Le ministre italien de l’Intérieur dénonce le passé « impérialiste » de son pays en Tripolitaine.
A Tripoli, les médias n’ont pas de mots assez élogieux pour saluer le « courage » et l’« équité » de Giuliano Amato. Le 3 juillet, le nouveau ministre italien de l’Intérieur, que ses compatriotes surnomment Dottore Sottile (« docteur Subtil », référence à un père de l’Église, le théologien anglais John Duns Scot), a en effet estimé que « nous [les Italiens] devons accepter le fait que nous sommes la puissance impériale qui a envahi la Libye au début du XXe siècle » et qu’il est « légitime pour un pays qui a été occupé par un autre pays pour des raisons purement impérialistes de demander des réparations ».
Mouammar Kadhafi, qui accuse l’ancienne métropole d’avoir tué 700 000 de ses compatriotes – chiffre jugé « exagéré » par les historiens – pendant la période coloniale (1911-1943), doit exulter : jamais un responsable italien n’est allé aussi loin, même si, en 1998, Rome s’est publiquement excusé pour les atrocités commises par ses armées. Mais Tripoli demande davantage : la construction d’une route à quatre voies longeant le littoral libyen, pour un coût compris entre 3 milliards et 6 milliards d’euros. Silvio Berlusconi, l’ancien président du Conseil, y avait apparemment consenti, sans jamais donner suite. Furieux, le « Guide » avait alors rétabli la célébration de la « Journée de la vengeance », qui commémore l’expulsion, le 7 octobre 1970, de vingt mille Italiens installés dans son pays depuis l’époque coloniale. En février dernier, il avait estimé que l’incendie du consulat italien à Benghazi, après le soutien apporté par un membre du gouvernement de Rome aux caricatures danoises du Prophète Mohammed, était une « réplique aux atermoiements » de Berlusconi. En avril, à la veille des législatives, le « Guide » avait souhaité à mots à peine couverts la défaite de la droite et le retour au pouvoir de son « ami » Romano Prodi et de sa coalition de centre-gauche.
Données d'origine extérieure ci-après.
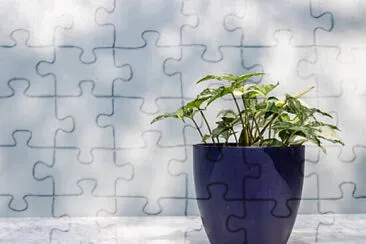 Toy jigsaw puzzle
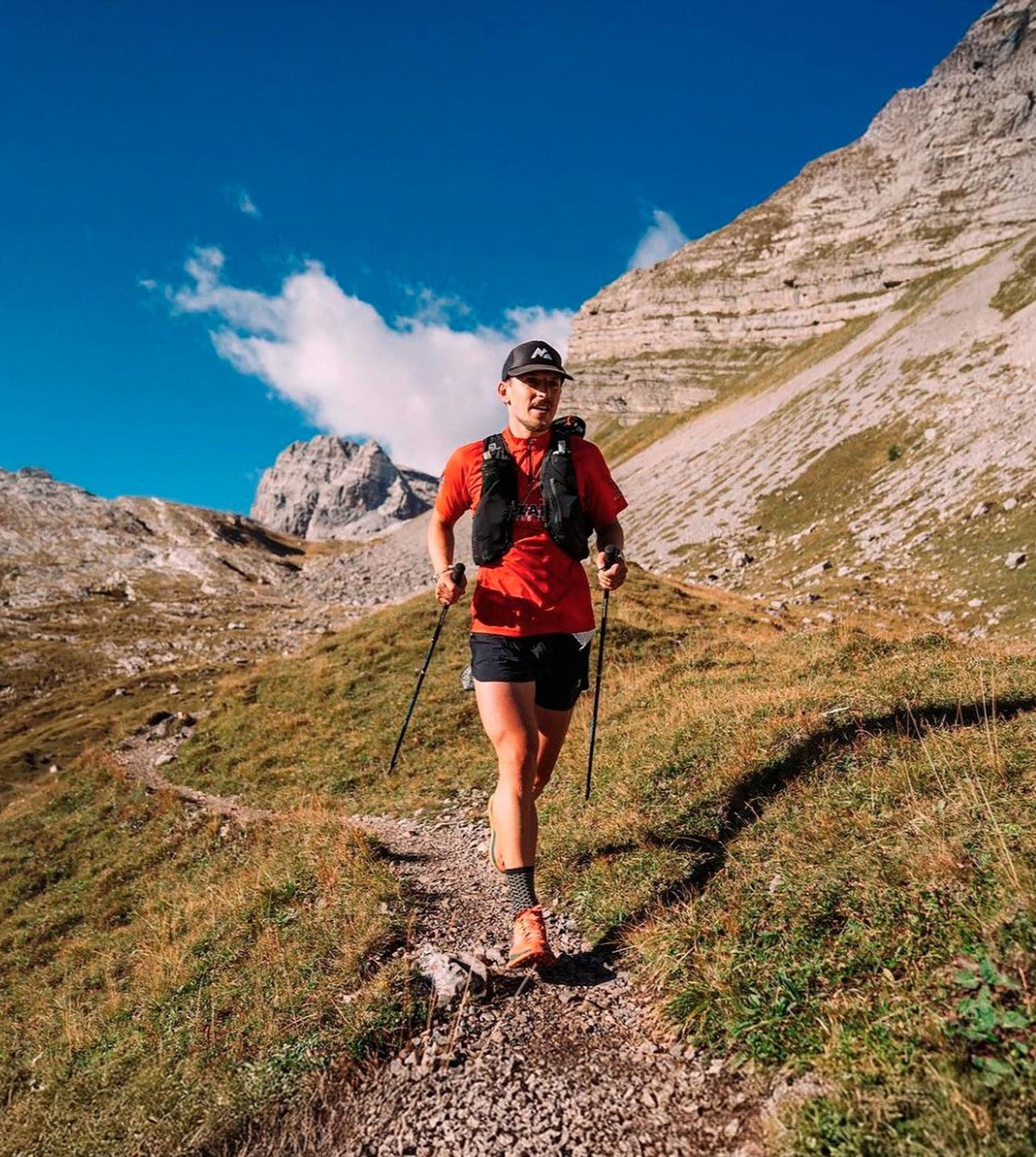 Masters Sherpa Trekking Poles - Shop Trekking Poles at Trekaline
Reste à savoir si les déclarations du ministre de l’Intérieur reflètent la position de son gouvernement. Ancien bras droit du leader socialiste Bettino Craxi et deux fois président du Conseil, Amato est un poids lourd de la gauche italienne. Au mois de mai dernier, son nom avait été évoqué comme possible candidat à la présidence de la République. On imagine donc difficilement que ses propos sur la colonisation de la Libye puissent n’engager que lui-même.